Jusqu’à présent, les fonctionnalités d’IA proposées par Meta restaient en grande partie expérimentales ou limitées à certains marchés. Avec ce déploiement élargi, l’entreprise franchit un cap en rendant l’assistant “Meta AI” accessible directement dans les interfaces utilisées au quotidien par des milliards de personnes.

Une IA intégrée au cœur des usages

L’intégration de Llama 3 ne se limite pas à l’ajout d’un simple chatbot. Meta repositionne ses applications comme des espaces où l’IA devient une couche invisible mais omniprésente. Sur Facebook et Instagram, l’assistant peut répondre à des questions, proposer du contenu ou aider à la recherche d’informations directement depuis la barre de recherche.

Sur WhatsApp et Messenger, l’IA s’insère dans les conversations. Les utilisateurs peuvent solliciter l’assistant pour résumer un échange, générer des idées ou obtenir des réponses sans quitter la discussion en cours. Cette approche vise à rendre l’IA plus accessible, en évitant de passer par des outils externes.

Llama 3 au centre de la stratégie

Le modèle Llama 3 constitue la base technique de cette transformation. Meta le présente comme l’un des modèles à poids ouverts les plus avancés disponibles actuellement. Il se distingue notamment par sa capacité à gérer des requêtes complexes et à produire des réponses plus cohérentes sur des conversations prolongées.

En intégrant Llama 3 directement dans ses services, Meta cherche à capitaliser sur son principal avantage : le temps passé par les utilisateurs sur ses plateformes. Plutôt que de les rediriger vers des applications dédiées à l’IA, l’entreprise mise sur une intégration native.

Une concurrence de plus en plus forte

Cette stratégie s’inscrit dans un contexte de concurrence accrue dans le domaine de l’intelligence artificielle. OpenAI, avec ChatGPT, et Google, avec ses modèles Gemini, poursuivent des approches similaires en intégrant leurs technologies dans des produits existants.

La différence réside dans le point d’entrée. Là où certains acteurs proposent des outils dédiés, Meta privilégie une approche intégrée aux réseaux sociaux. Cette position pourrait lui permettre de toucher un public plus large, notamment des utilisateurs qui n’utilisent pas encore d’outils d’IA de manière active.

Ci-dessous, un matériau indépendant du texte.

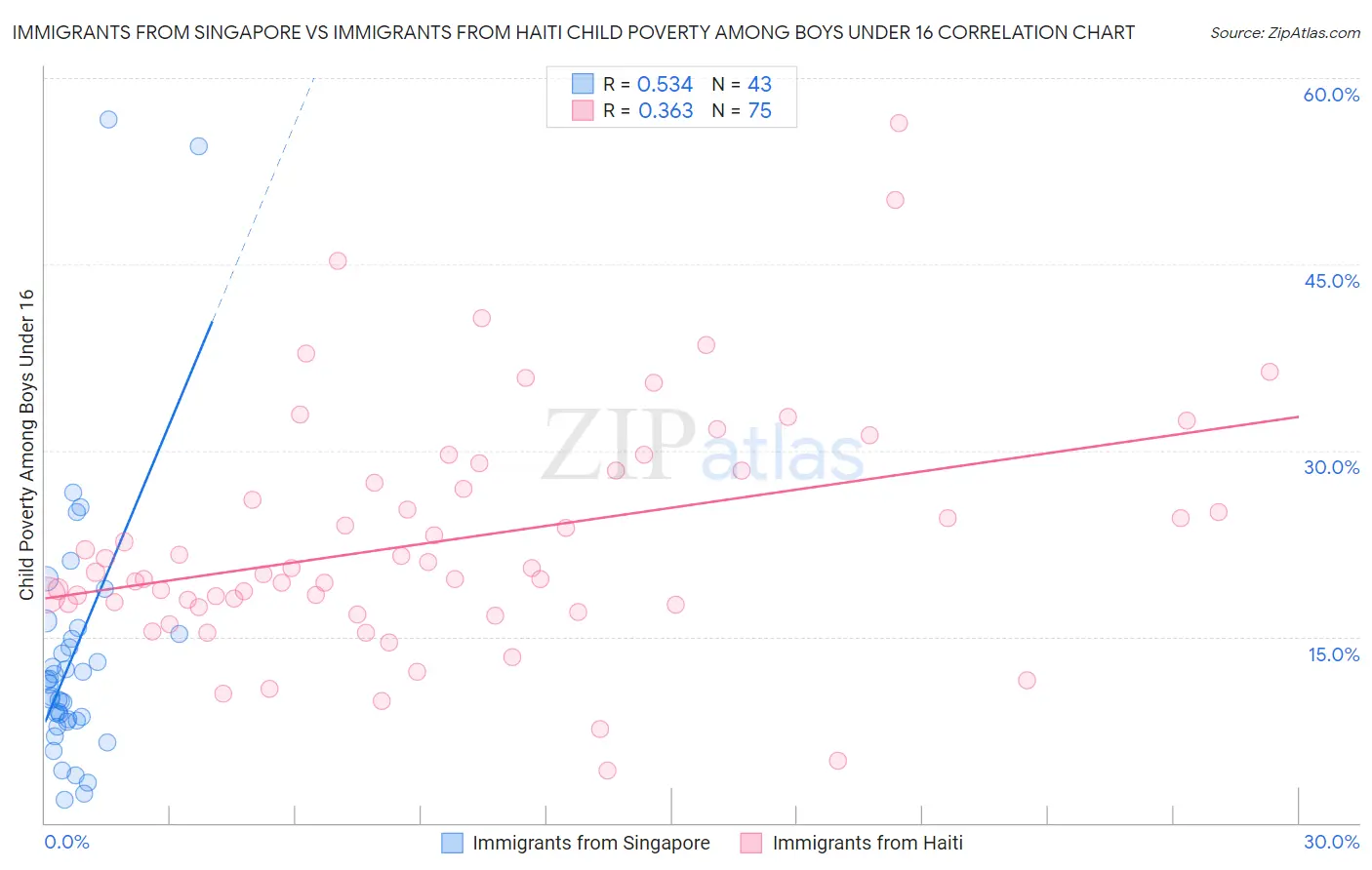 Immigrants from Singapore vs Immigrants from Haiti Child Poverty Among Boys Under 16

Des enjeux de confidentialité toujours présents

L’intégration de l’IA dans des plateformes sociales soulève toutefois des questions importantes en matière de protection des données. Meta indique utiliser principalement des contenus publics pour améliorer ses modèles, tout en affirmant que les messages privés restent protégés.

Malgré ces garanties, les régulateurs européens suivent de près ces évolutions. Le cadre réglementaire autour de l’intelligence artificielle, en particulier dans l’Union européenne, pourrait influencer la vitesse et les modalités de déploiement de ces fonctionnalités.

Une transformation progressive

Meta ne présente pas cette évolution comme un changement instantané, mais comme une transition progressive. Les fonctionnalités seront déployées par étapes, avec des ajustements en fonction des retours des utilisateurs et des contraintes réglementaires.

À plus long terme, l’objectif semble clair : faire de l’IA un élément central de l’expérience utilisateur. Les réseaux sociaux ne seraient plus seulement des espaces de communication, mais aussi des outils capables de répondre, suggérer et assister.

Cette évolution reflète une tendance plus large dans l’industrie technologique. L’intelligence artificielle n’est plus un service isolé, mais une couche intégrée dans l’ensemble des usages numériques. Meta, en accélérant l’intégration de Llama 3, s’inscrit pleinement dans cette dynamique.